BIBLE READING: Psalm 63:1-8

TEXT: Please turn in your Bibles to Ecclesiastes 1.


Illus. – I remember one time as a teenager waiting in the car while my mother was talking with someone. I turned the key and flipped on the radio and heard a song by the Rolling Stones titled, “I Can’t Get No Satisfaction.”

Even at that age, as I listened to the song, I thought, “How pathetic.” Though Mick Jagger’s song had a sensual meaning, his title aptly describes our world in which people are in an endless pursuit of fulfillment and satisfaction, but never seeming to be able to find it.

Illus. – I remember sitting out a typhoon in my later teenage years in Okinawa in the early 70’s. The only source of information in English during a typhoon was the American military radio and TV station, so we stayed glued to the radio during typhoons. I remember hearing a song several times on the radio during one of those typhoons titled, “Is That All There Is?” I don’t remember who sang it, or what the words to the stanzas were, but I never forgot the words to the chorus:

Is that all there is?

Is that all there is?

If that’s all there is my friend,

Then let’s keep dancing…

Let’s bring out the booze…

And have a ball

You know what?—People everywhere are searching for lasting satisfaction and fulfillment.

- People live for MONEY, in search of satisfaction.

- People live for MATERIALISM in a desperate desire to find fulfillment.

- Some people look for satisfaction in A PERSON—a lover or a spouse.



The Bible records a king named Solomon who sought for satisfaction in all the wrong places. The book of Ecclesiastes is a book in which Solomon chronicles his search for satisfaction, and the results of his search.

In chapter 1, Solomon begins by telling us what he discovered in his spiritual journey into hedonism. In chapters 2-11 he describes his search and reflects on it. In the last chapter, chapter 12, he gives us the solution for the heart longing for satisfaction.

He begins in chapter 1, verses 1 and 2 with what was his final discovery: “The words of the Preacher, the son of David, king in Jerusalem. 2 Vanity of vanities, saith the Preacher, vanity of vanities; all is vanity.” This what you might call his thesis statement. He declares up front what the whole book is going to be about.

He calls himself “the Preacher,” because he wants to warn us about the vanity of attempting to find fulfillment and satisfaction outside of God. And he says that all human activity in which God is excluded, regardless of what it may be, is ultimately VAIN.

The word “vanity” in verse 2 in the Hebrew originally literally meant “soap bubbles.” It came to mean “absurdity, frustration, futility, nonsense.” The closest equivalent in today’s English would probably be the word meaningless. All our attempts at searching for satisfaction outside of God are meaningless—soap bubbles—vain and purposeless.

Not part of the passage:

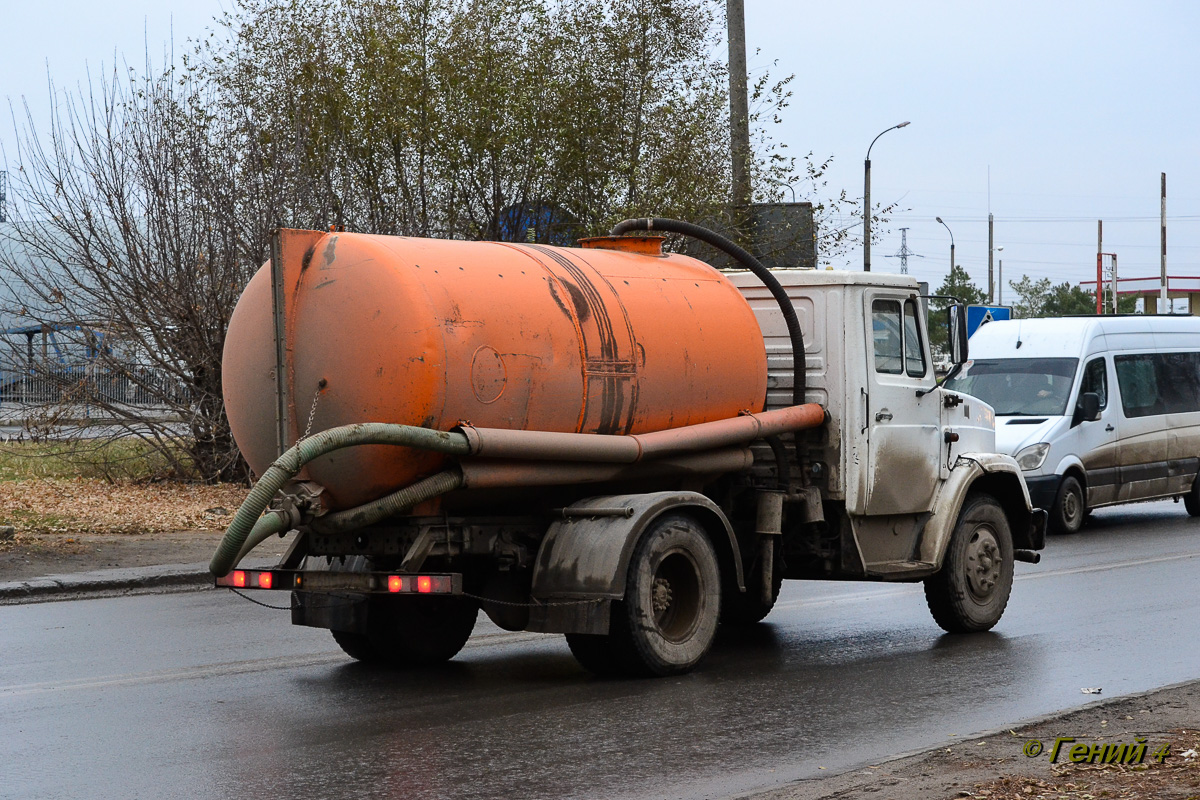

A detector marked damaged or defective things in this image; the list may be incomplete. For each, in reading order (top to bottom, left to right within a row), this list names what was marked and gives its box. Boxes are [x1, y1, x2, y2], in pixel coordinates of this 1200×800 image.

rusty metal tank [223, 228, 768, 510]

Look what he says in verse 8 – “All things are full of labor; man cannot utter it: the eye is not satisfied with seeing, nor the ear filled with hearing.” In other words, there is no real satisfaction or fulfillment without God.

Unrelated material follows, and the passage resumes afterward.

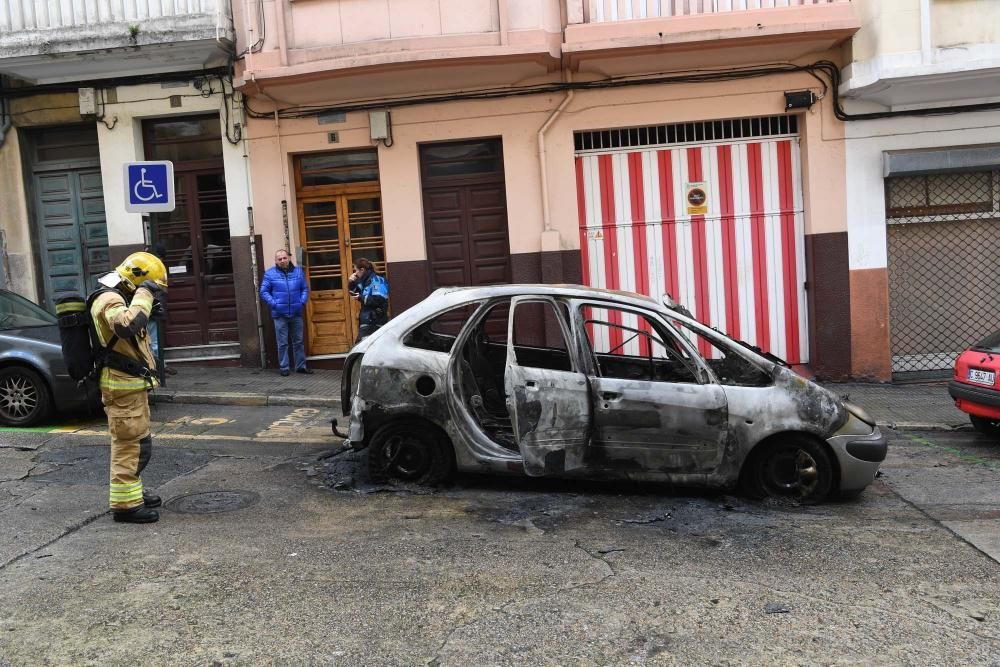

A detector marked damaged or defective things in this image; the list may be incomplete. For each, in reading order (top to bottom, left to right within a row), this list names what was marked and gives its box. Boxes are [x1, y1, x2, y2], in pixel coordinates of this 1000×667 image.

Now in the rest of chapter 1 and in chapter 2 Solomon details for us three areas in which he sought for satisfaction, and how he discovered each to be “vanity.” Let’s look at them, and then see Solomon’s conclusion to the matter in the last chapter:


Notice three fleshly pleasures he sought to find satisfaction in, but found them to be vanity—soap bubbles.

1. First was Mirth – Ecclesiastes 2:1 – “I said in mine heart, Go to now, I will prove thee with mirth,…”

The closest phrase that captures the Hebrew word translated “mirth” here is “having a good time.” This is the “Party Animal” philosophy. It was Solomon’s way of saying that he sought to have a good time…to live it up…to party…have fun. His motto could be summed up as “Eat, drink and be merry, for tomorrow we die.”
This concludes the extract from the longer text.